Exelixis enters crowded liver cancer field with Cabometyx, taking on Bayer, BMS and Merck

The FDA has handed Cabometyx an indication in liver cancer, adding to the kidney cancer nod it already has. (FDA)

Exelixis’ fast-growing tyrosine kinase inhibitor Cabometyx just added another FDA approval. It can now treat liver cancer patients if Bayer’s Nexavar is no longer helpful, putting it in a field that’s already crowded with Bayer’s Stivarga and some checkpoint inhibitor stars.

The FDA based the new approval for Cabometyx, which already bears a green light in kidney cancer, on positive data from a phase 3 study dubbed Celestial. In that trial, Cabometyx showed it could extend patients' lives by a median 10.2 months, significantly higher than the eight months patients lived on placebo. 

“Physicians are eager for new options for these patients, and the results of the Celestial trial demonstrate that Cabometyx has the efficacy and safety profile to become an important new therapy in our efforts to slow disease progression and improve treatment outcomes,” the study’s lead investigator, Ghassan Abou-Alfa, M.D., of Memorial Sloan Kettering Cancer Center, said in a statement.

However, the liver cancer arena is already filled with experienced players. There is Stivarga, which Bayer pushed on the market as a follow-up to Nexavar. However, the drug hasn’t lived up to the German drugmaker’s expectations as one of its “Big Five” crucial new drugs. Thanks to an 8.8% decline in the U.S. on a currency-adjusted basis, which Bayer attributed to “a highly competitive market,” the drug only returned €229 million ($262 million) in global sales through the first nine months of 2018.

RELATED: Merck suits up for another Opdivo showdown with Keytruda liver cancer approval

More serious competition could come from two PD-1 blockbusters, Bristol-Myers Squibb’s Opdivo and Merck & Co.’s Keytruda.

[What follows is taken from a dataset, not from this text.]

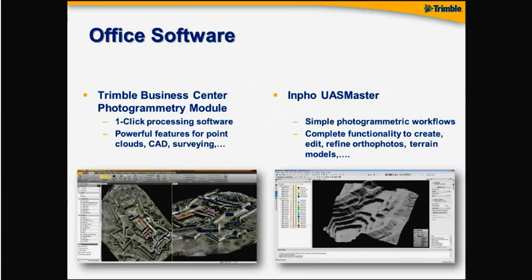Of course, the solution is not complete without office or image processing software. As I explained, we have two flavors here.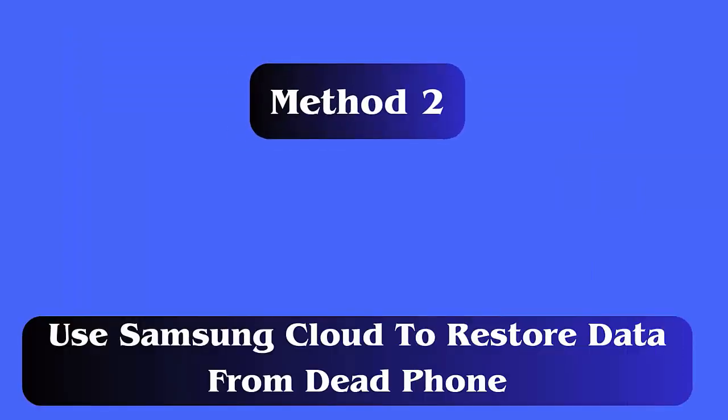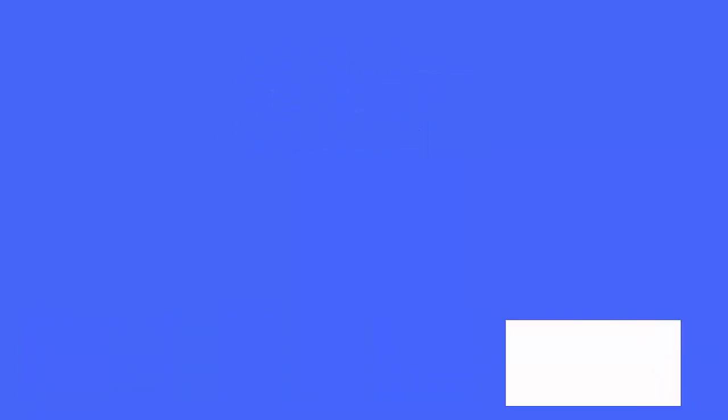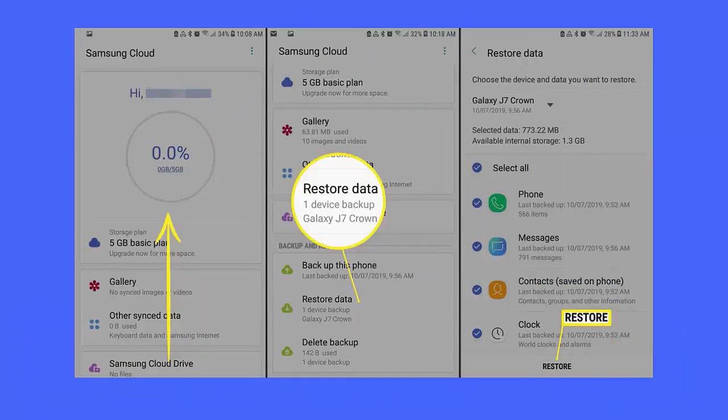Method 2: Use Samsung Cloud to restore data from dead phone. Follow the steps. Open Settings on your phone and click on Accounts and Backup. Now, move down to Samsung Cloud and choose Restore data. From here, choose Device and data. Finally, tap on Restore.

Opdivo earned its second-line liver cancer nod in September 2017, and Keytruda followed just last November. While neither drug has come up with overall survival data, their response rates—18.2% for Opdivo and 17% for Keytruda—look superior to Cabometyx’s 4%, even though these are separate trials not meant for head-to-head comparisons.

Cabometyx is the backbone of Exelixis’ portfolio, enjoying fast growth especially after earning an early FDA nod in first-line kidney cancer in December 2017. During the third quarter, Cabometyx product revenue—as opposed to collaboration revenue from Exelixis' Ipsen partnership—jumped 12% over the previous quarter, to about $158 million. Demand grew by more than 5% and the prescriber base expanded by about 11%, the company’s commercial leader, P.J. Haley, said on its Q3 call in November.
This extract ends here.